▶ **Extracted information**:
+++++

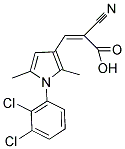 (2Z)-2-CYANO-3-[1-(2,3-DICHLOROPHENYL)-2,5-DIMETHYL-1H-PYRROL-3-YL]ACRYLIC ACID Struktur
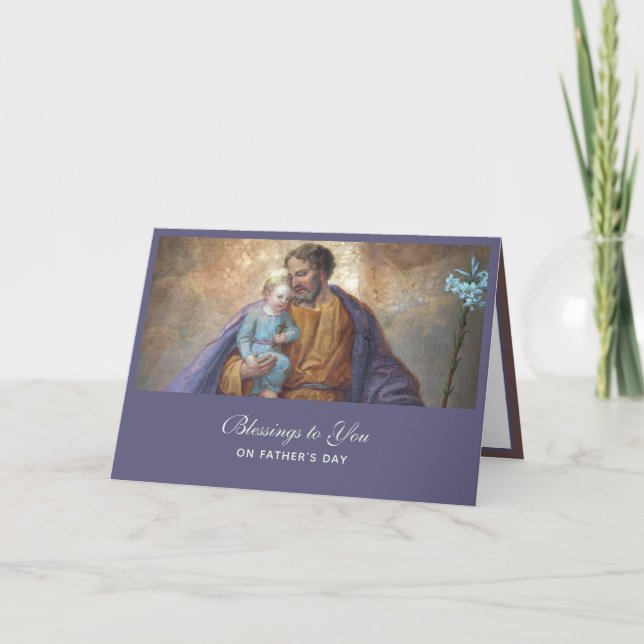 St. Joseph Fars dag Jesus Religiösa Card Kort (Framsida)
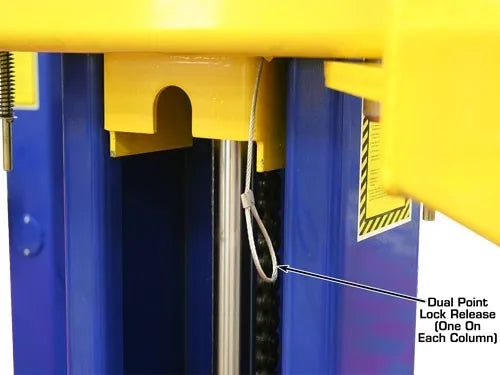 Atlas 9KBP Baseplate Two Post Lift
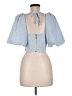 Miss Selfridge Blue Short Sleeve Blouse Size 6 - photo 2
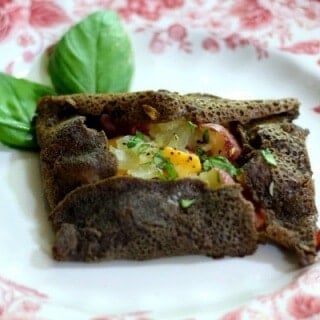 Ham and cheese crepes are easy to make and so delicious! A copy of a recipe I had in France. From RestlessChipotle.com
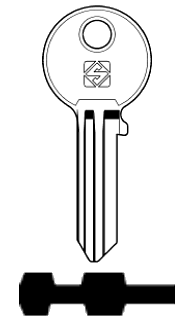 Afbeelding van Silca Cilindersleutel staal FH11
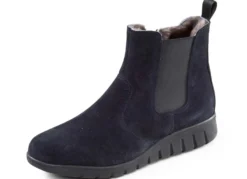 ELENA EDEN, gefütterte Damen-Boots, Winterschuhe, Weite H, mit Lammfell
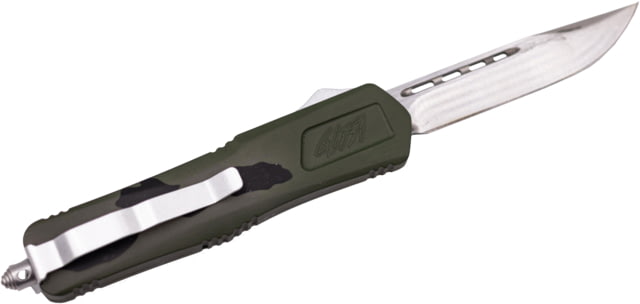 GLFA Spring Assisted OTF Knife Serrated Blade Green and Black 8" GL-KMD-SRT P-GRN - Glfa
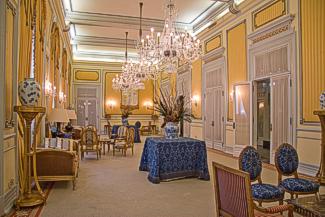 Interior of the Avenida Palace Hotel
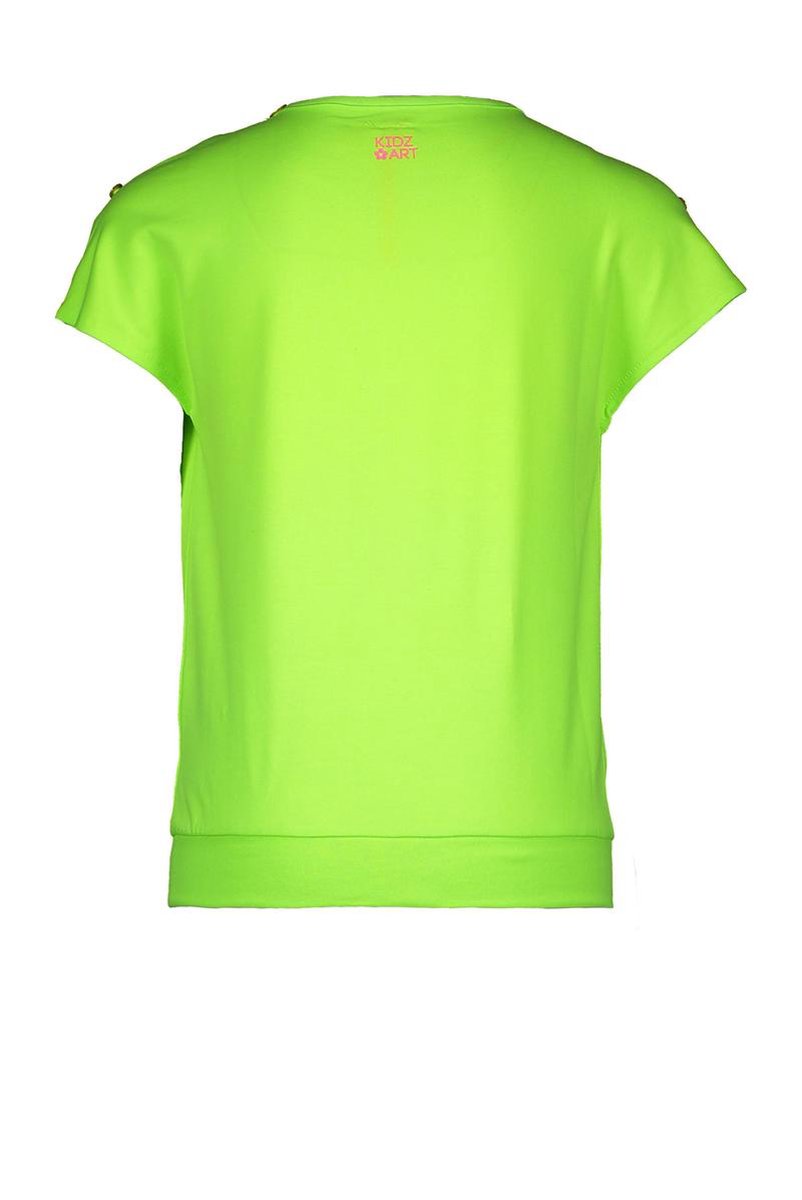 shirt kakatoe- Lime - Maat 134/140 - afbeelding 2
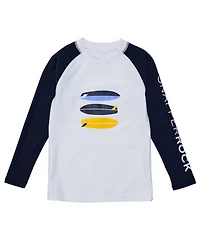 Snapper Rock Big Boys Wave Break Ls Rash Top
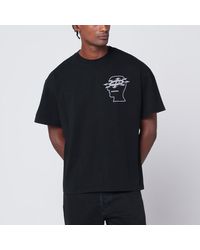 Brain Dead - Verwaschenes Schwarzes Alien Tractor T-Shirt - Lyst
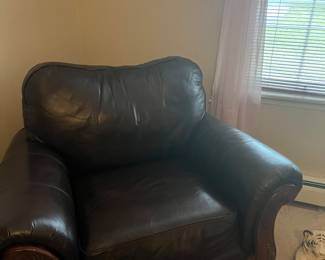 1 of 2 leather chairs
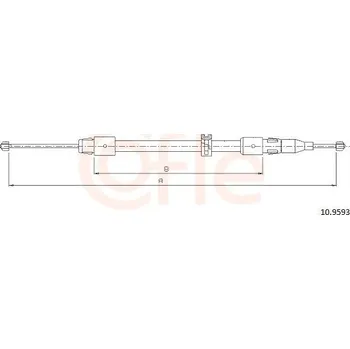Lanko parkovací brzdy Lanovod parkovací brzdy COFLE 10.9593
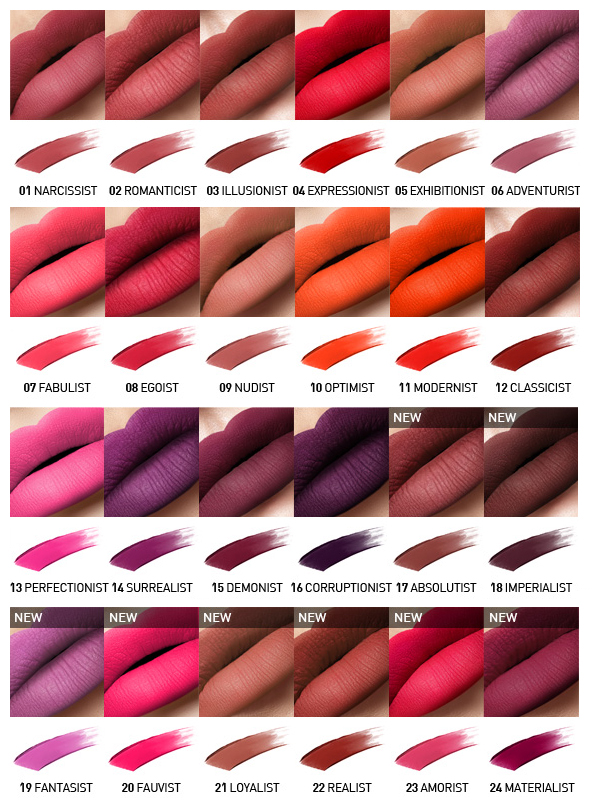 Cailyn Pure Lust Extreme Matte Tint Shades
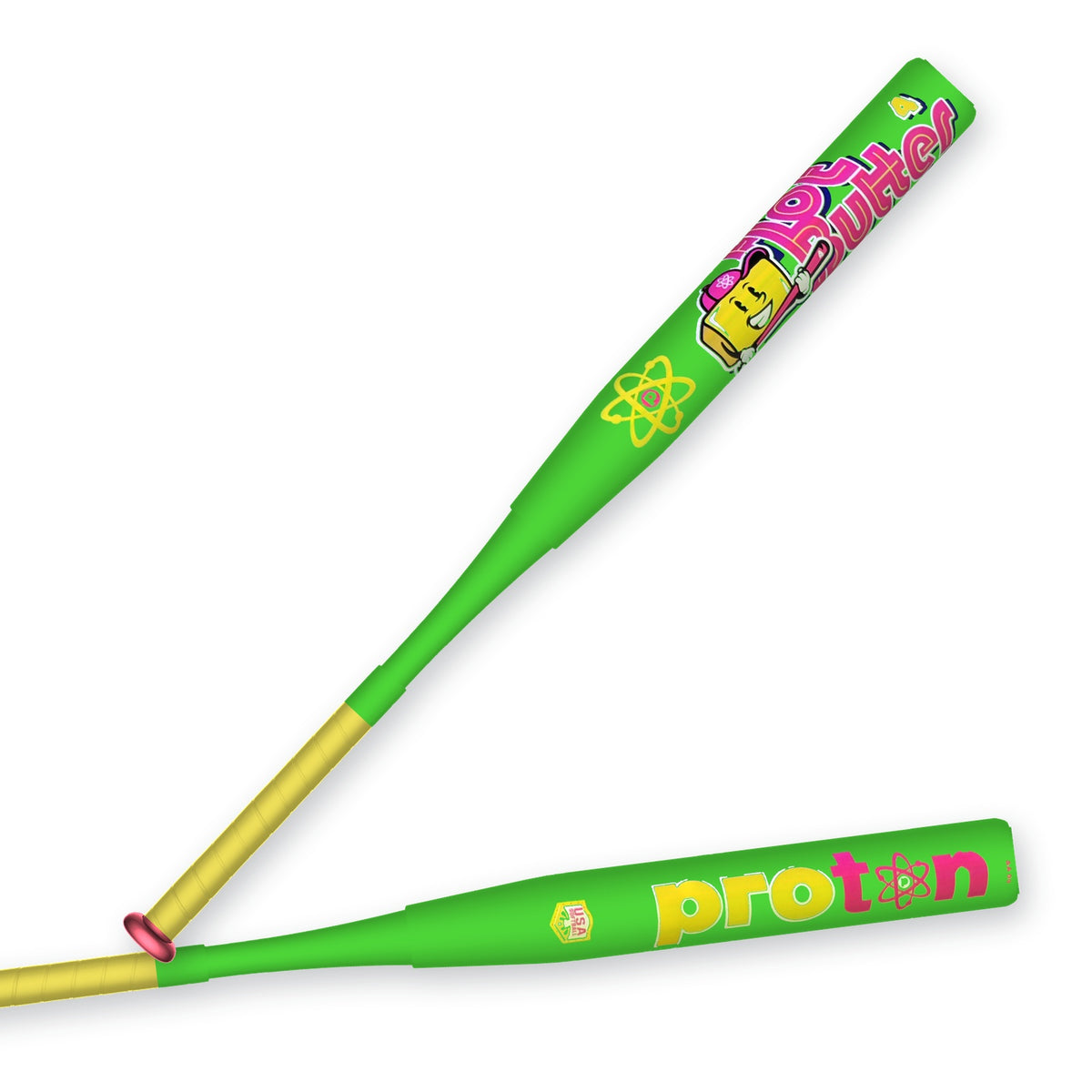 Series 4 Hot Butter Two-Piece USA/ASA slowpitch softball bat — green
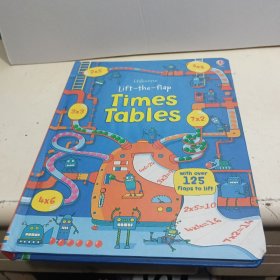 Lift the Flap Times Tables Book (Usborne Lift-the-Flap-Books) 优斯伯恩翻翻书：乘法表 英文原版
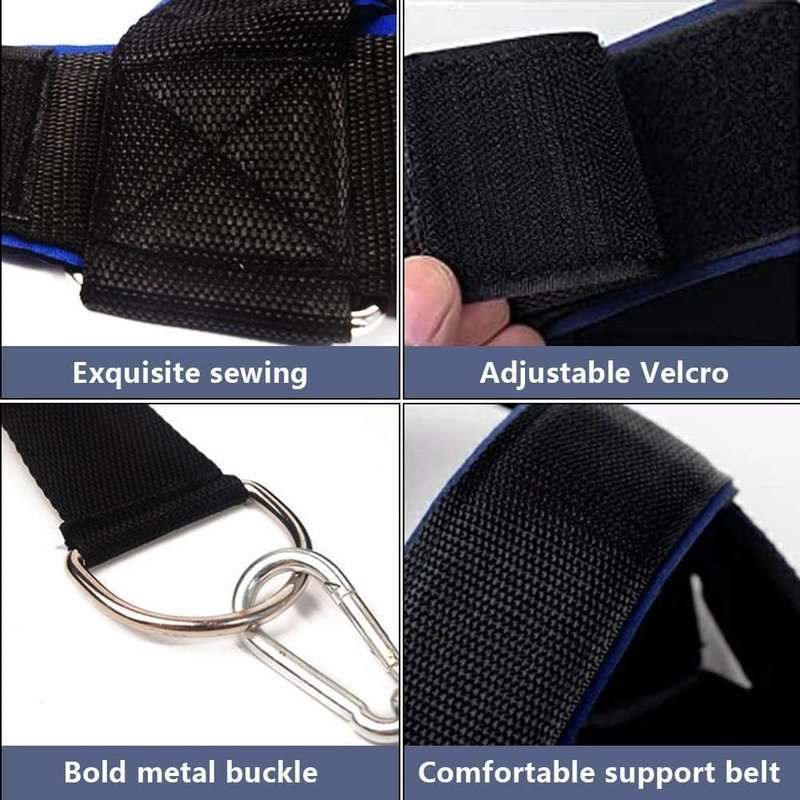 Neck Exercise Trainer-Adjustable Neck Harness for Weight Training/Neck Exerciser with Chain Weight Lifting Chin & Head Neck Exerciser Straps Gym Bodbuilding Equipment and Neck Injury Recovery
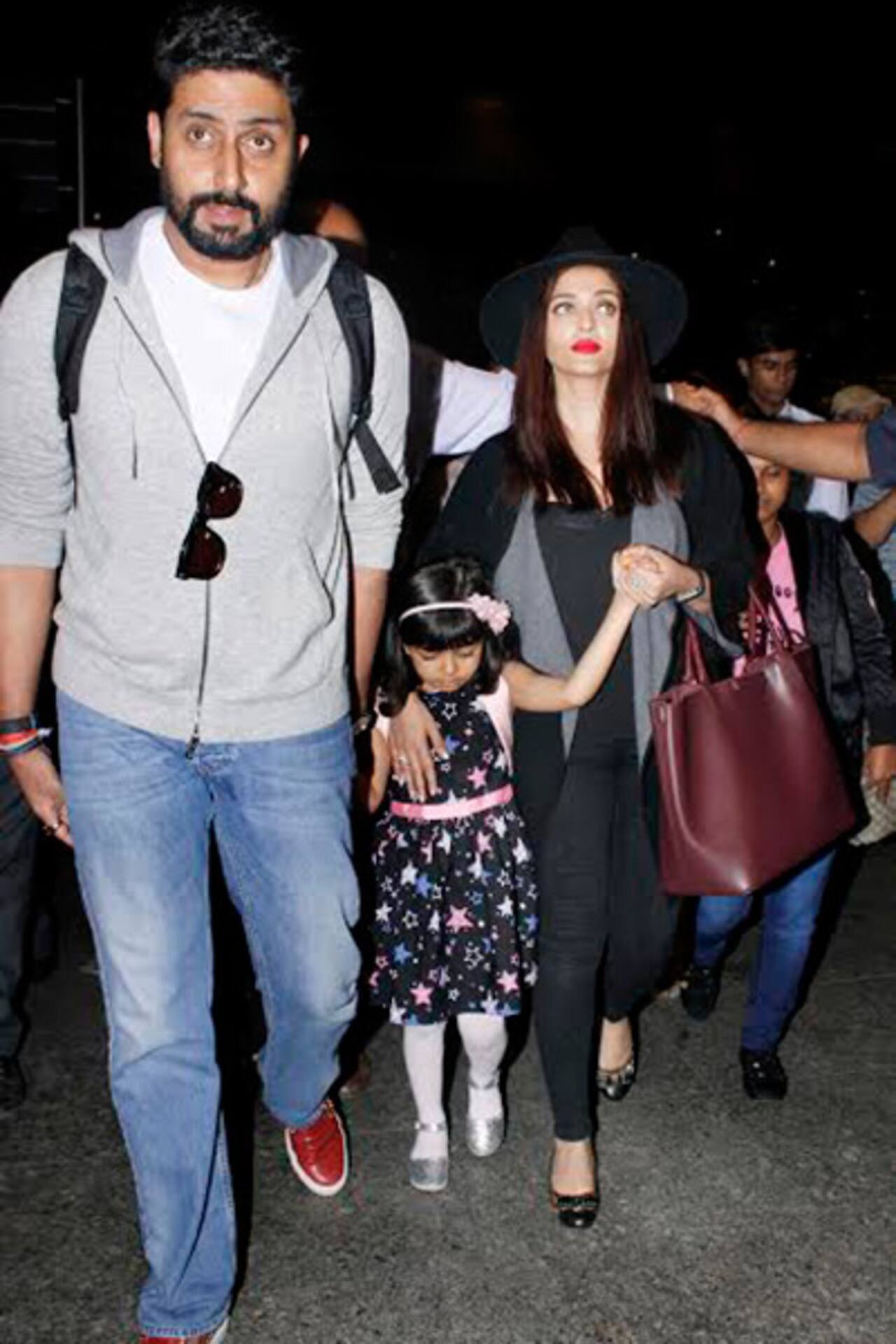 Aishwarya Rai Bachchan, Varun Dhawan, Arbaaz Khan Return To The City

+++++

▶ **What to do**: For the data above, set down exactly the lines from the line with "Interior of the Avenida Palace Hotel" to the line with "Series 4 Hot", both included, leaving pictures out.

▶ **Problem solution**:
 Interior of the Avenida Palace Hotel
 shirt kakatoe- Lime - Maat 134/140 - afbeelding 2
 Snapper Rock Big Boys Wave Break Ls Rash Top
 Brain Dead - Verwaschenes Schwarzes Alien Tractor T-Shirt - Lyst
 1 of 2 leather chairs
Lanko parkovací brzdy Lanovod parkovací brzdy COFLE 10.9593
 Cailyn Pure Lust Extreme Matte Tint Shades
 Series 4 Hot Butter Two-Piece USA/ASA slowpitch softball bat — green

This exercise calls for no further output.